Dobbiamo mostrare una gratitudine profonda, una gratitudine vicendevole gli uni verso gli altri, perché in questo vero ufficio divino siamo stati gli uni per gli altri fratelli e collaboratori, anzi siamo stati testimoni gli uni per gli altri, ciascuno per ciascuno. Tale è stato il carattere di tale settimana per la nostra comunità profetica perché formata dalla Parola di Dio, costituita dalla Parola di Dio, centrata sulla Parola di Dio. Profetica anche a motivo del tema, scelto come centrale per questi Esercizi: “Eritis mihi testes”. E qui la nostra gratitudine si rivolge al nostro amatissimo predicatore degli esercizi.

Gli siamo grati per averci condotto durante questi giorni. È vero che tutti noi, durante gli esercizi, abbiamo costituito una comunità profetica, ma colui che parlava, con la voce umana e con la ispirazione evangelica, era il nostro predicatore. Dobbiamo ringraziarlo per questa testimonianza che ci ha dato con la sua predica quaresimale, con tutte le conferenze che abbiamo seguito, con profondissima attenzione e, speriamo, con grande frutto spirituale. Gli siamo grati per questa predicazione così ricca spiritualmente della Parola di Dio, ricca di tutta la bellezza della Parola di Dio: ricca proprio per il tramite della lunga meditazione, della profonda maturazione, avvenuta nell’anima del nostro predicatore. Gli siamo grati per questa testimonianza, vera testimonianza di fede, una fede che si nutre – e questo l’abbiamo sentito – della Parola di Dio, nella meditazione; una fede che, maturata nella coscienza e nel cuore, poi si manifesta come un frutto maturo, un frutto – abbiamo potuto costatare anche questo – di un grande lavoro, di una grande preoccupazione pastorale, apostolica; per tutto questo ringraziamo: ringraziamo il nostro predicatore, ringraziamo il Signore che ci ha mostrato tutto ciò e ci ha portato tutto ciò nel nostro predicatore.
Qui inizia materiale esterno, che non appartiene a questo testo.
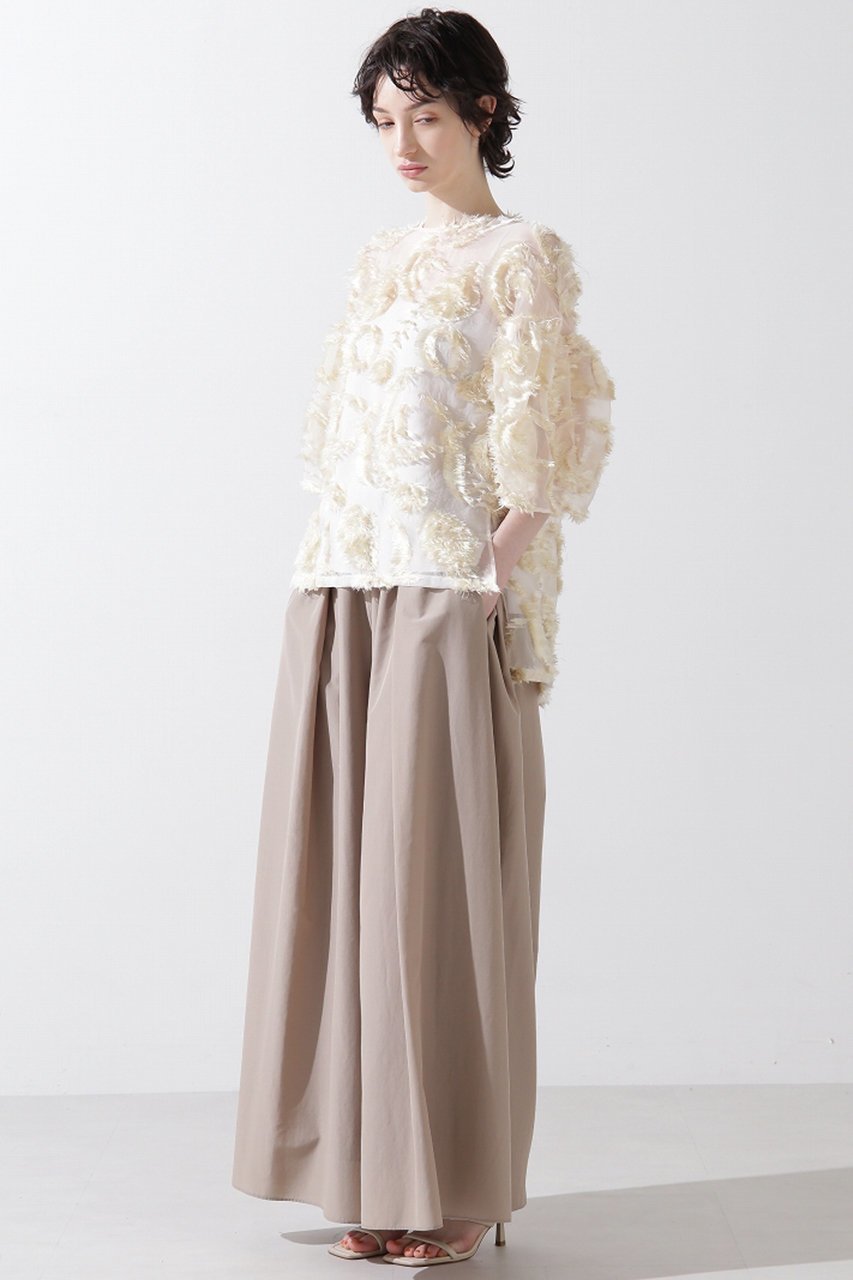 【ヒューエルミュージアム/hueLe Museum】の【hLM】シアーカットジャガードブラウス 人気、トレンドファッション・服の通販 founy(ファニー) ファッション Fashion レディースファッション Fashion for Women トップス・カットソー Cut & Sew Tops シャツ・ブラウス・オフィスカジュアル Elegant Blouses & Button-Ups エレガント 上品 Elegant オーガンジー Organza Fabric ショート Short, Short Length シンプル Simple, Minimal スリーブ Sleeve, Long Sleeve / Short Sleeve モチーフ Motif, Design Theme リボン Ribbon, Bow other-5|ID: prp329100004902753 ipo3291000000036691634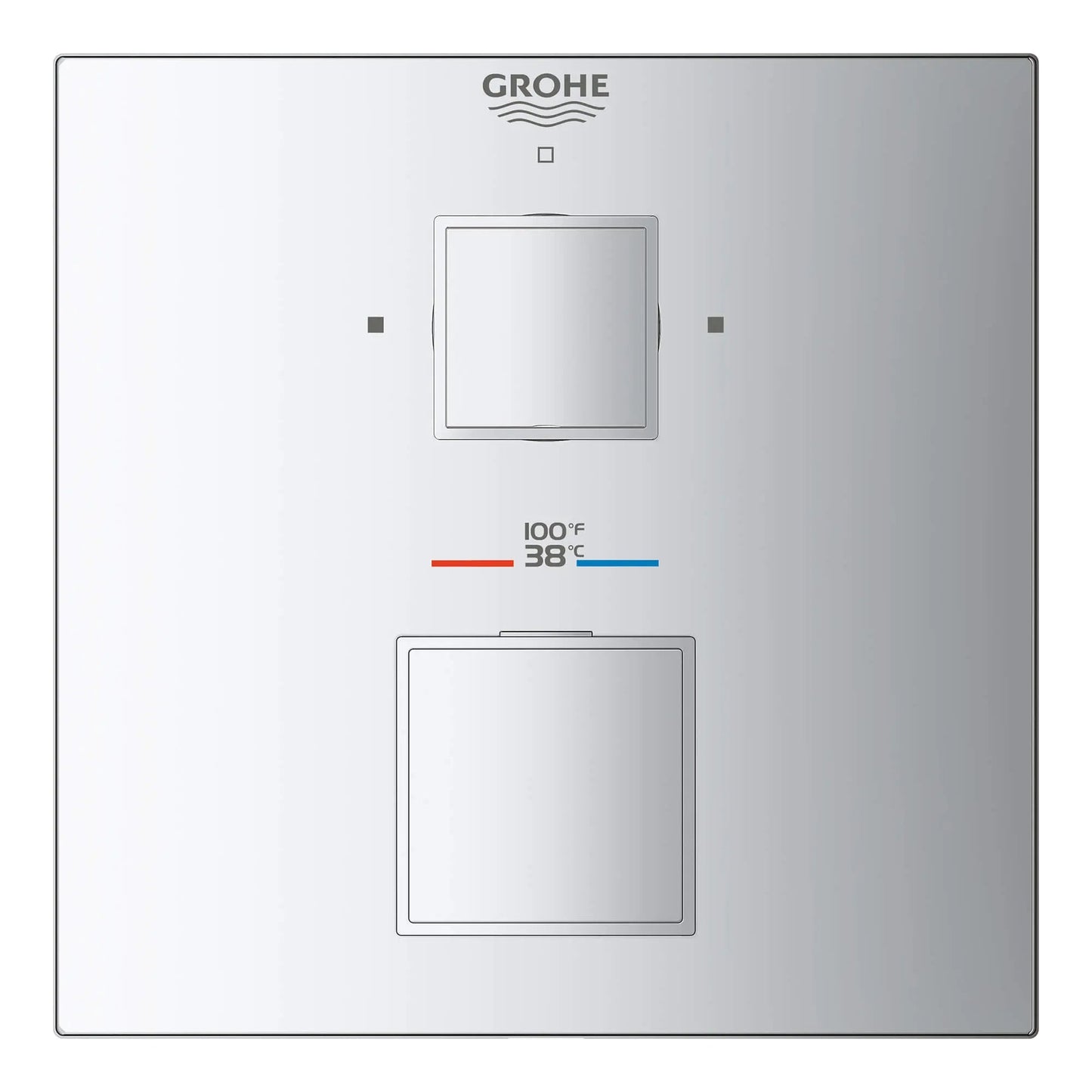 Grohe Grohtherm Cube® Dual Function 2-Handle StarLight Chrome Thermostatic Valve Trim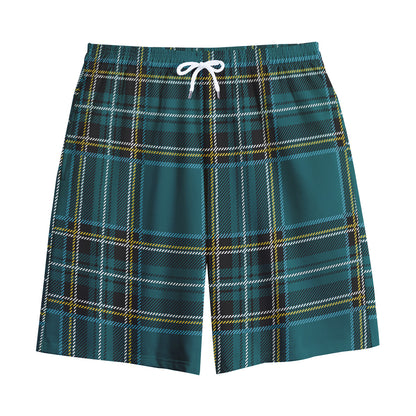 Teal Stewart Tartan Pattern Print Cotton Shorts
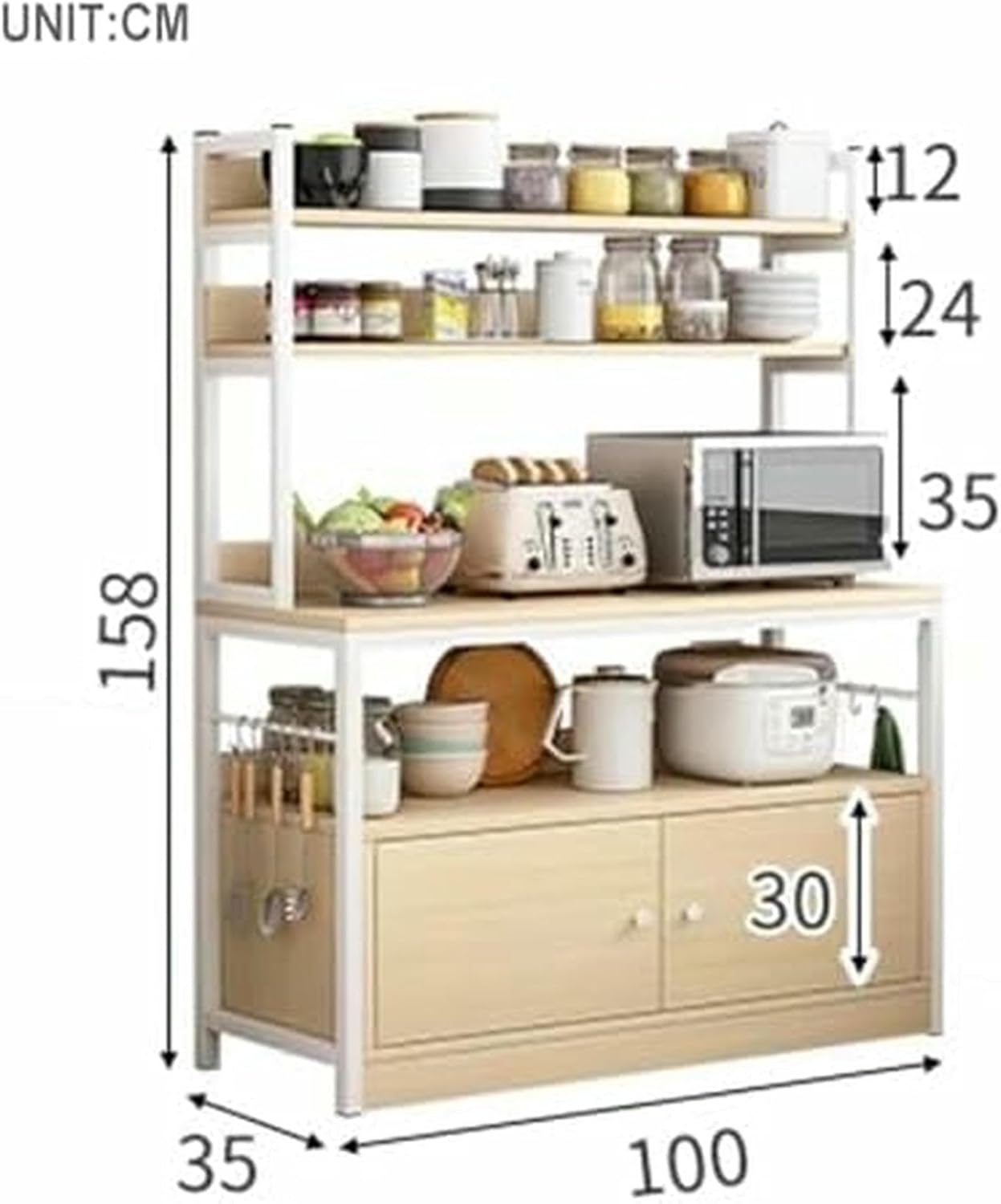 Freestanding Multi-Layer Kitchen Floor Cupboard，Microwave Storage Stand,Kitchen Organizer Shelf, Kitchen Utility Microwave Oven Stand Storage Shelf Industrial Kitchen Baker's Rack Free Stand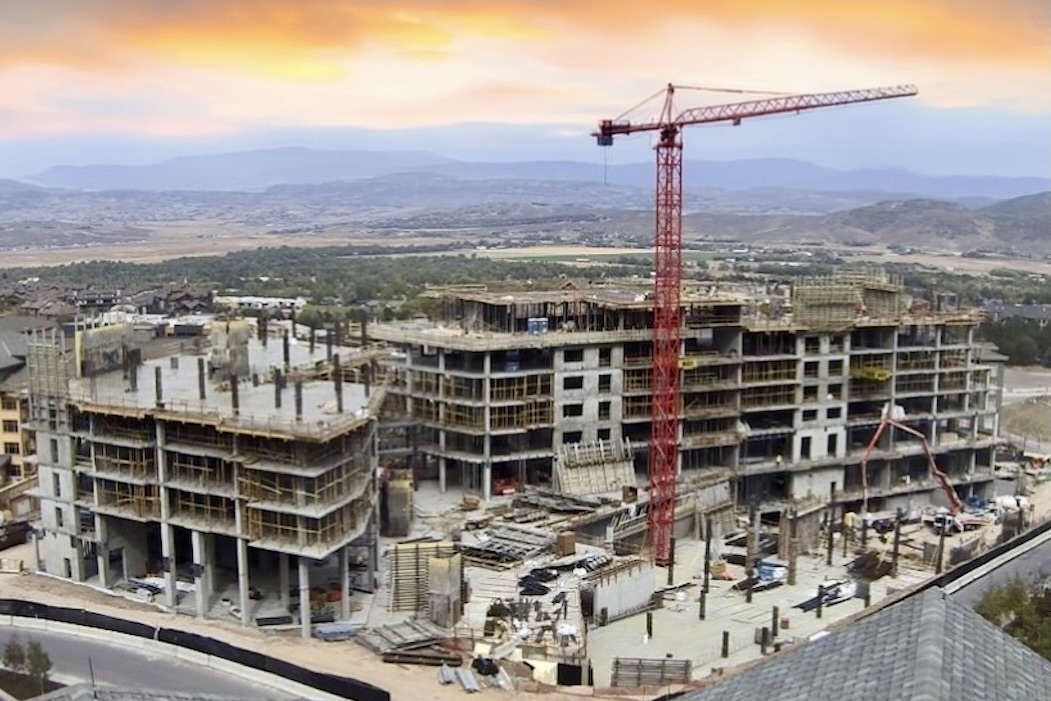 The Pendry luxury resort under construction, nine-story building with crane, Park City Utah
Il tema, scelto così bene, è stato tanto sostanziale: “Eritis mihi testes”; non si poteva, direi, trovare un tema più adatto alla nostra comunità che doveva partecipare agli esercizi. E poi è stato presentato così profondamente, con tanto fervore e zelo, con tanta forza. Abbiamo sentito, sì, la bellezza della Parola di Dio, ma abbiamo sentito anche la sua forza; e questo grazie al nostro predicatore, che ci ha mostrato questa forza della Parola di Dio per trasmetterla a noi.

Ringraziamo anche per le domande che ci ha sempre posto, cominciando dalla prima conferenza.

La domanda centrale: se io sono testimone di Cristo; e poi tutte le altre, che ci hanno aiutato a fare un esame della coscienza, a entrare in quel sacrario delle nostre coscienze, e a cercare le risposte; così abbiamo potuto non solamente ammirare la bellezza della Parola di Dio, ma anche ricevere noi stessi le domande e trovare le risposte a ciascuna.

In tal modo si è compiaciuta questa opera durante cinque giorni, un’opera benedetta da Dio; e adesso, concludendola col “Magnificat”, vogliamo ringraziare Nostro Signore e la sua Madre, con le parole della sua Madre; vogliamo ringraziare per questo grande dono quaresimale. Che il Signore ricompensi il grande lavoro apostolico del nostro predicatore, e aiuti tutti noi a vivere lungamente nello spirito di questi esercizi spirituali.